Marijuana Legalization Campaign Says Court an Option If Petitions Rejected

Group says current policy denies voters ballot access and violates the First Amendment.

Jake Neher/WDET

There could be a legal showdown looming between state elections officials and a ballot campaign to legalize recreational marijuana.

The MILegalize campaign wants the state to count signatures that are more than 180 days old. Right now, those signatures are presumed to be outdated and invalid unless the campaign can prove the signer is still a registered voter. But that’s very hard to do without access to the state’s electronic voter database. It requires getting an affidavit from every voter or looking at records kept by local clerks.

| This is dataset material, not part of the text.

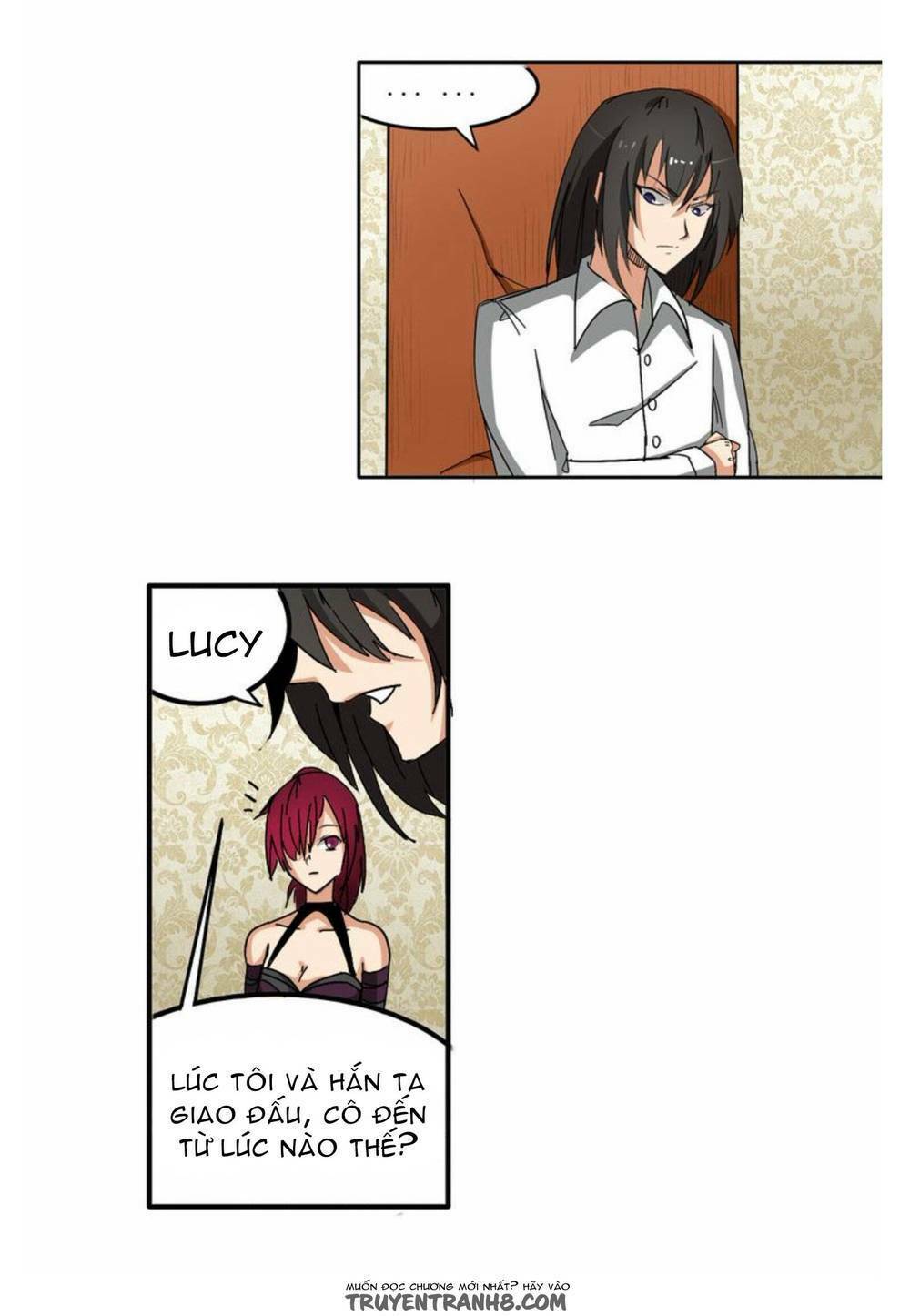 Vì Tôi Là Ông Chú Mở Tiệm Bán Vũ Khí: Chapter 34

Republicans on the bipartisan Board of State Canvassers killed a proposal to allow campaigns to use the electronic database to prove voter registration. Canvasser Norm Shinkle says that wouldn’t be fair prior to the June 1 deadline to turn in petitions.

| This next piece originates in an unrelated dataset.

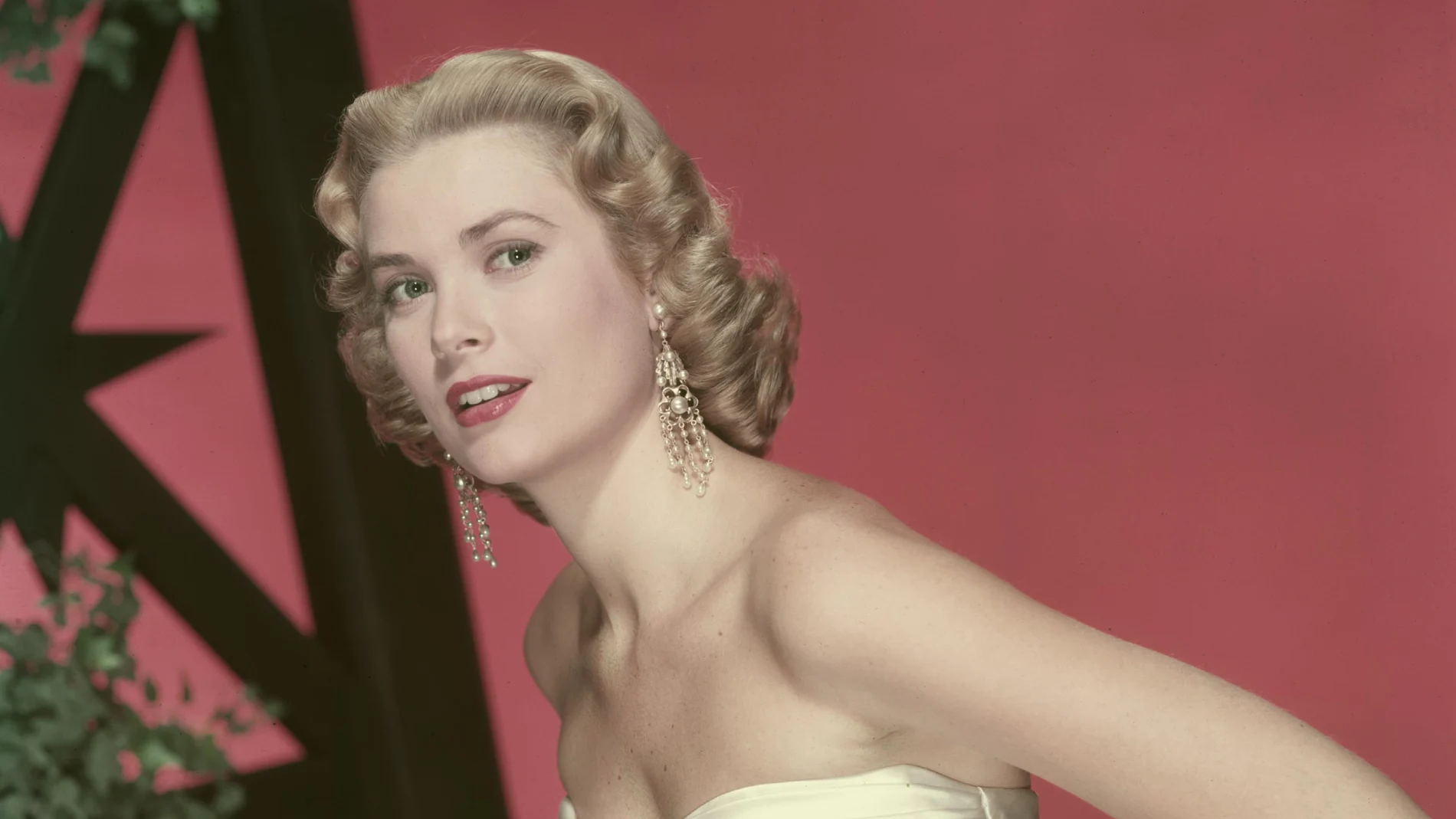 Grace Kelly.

“I don’t think we should change the rules in the middle of the game,” he said.


“I’m outraged,” said Jeff Hank of MILegalize. “If they’re not approved then, yeah, we’re headed to litigation and that’s a shame because this could all be avoided.”

Hanks says the board policy denies voters ballot access to redress grievances and violates the First Amendment.

Other petition drives, including one to ban a drilling process known as “fracking,” that are struggling to gather enough signatures under the current rules could join a legal effort to challenge the current parameters.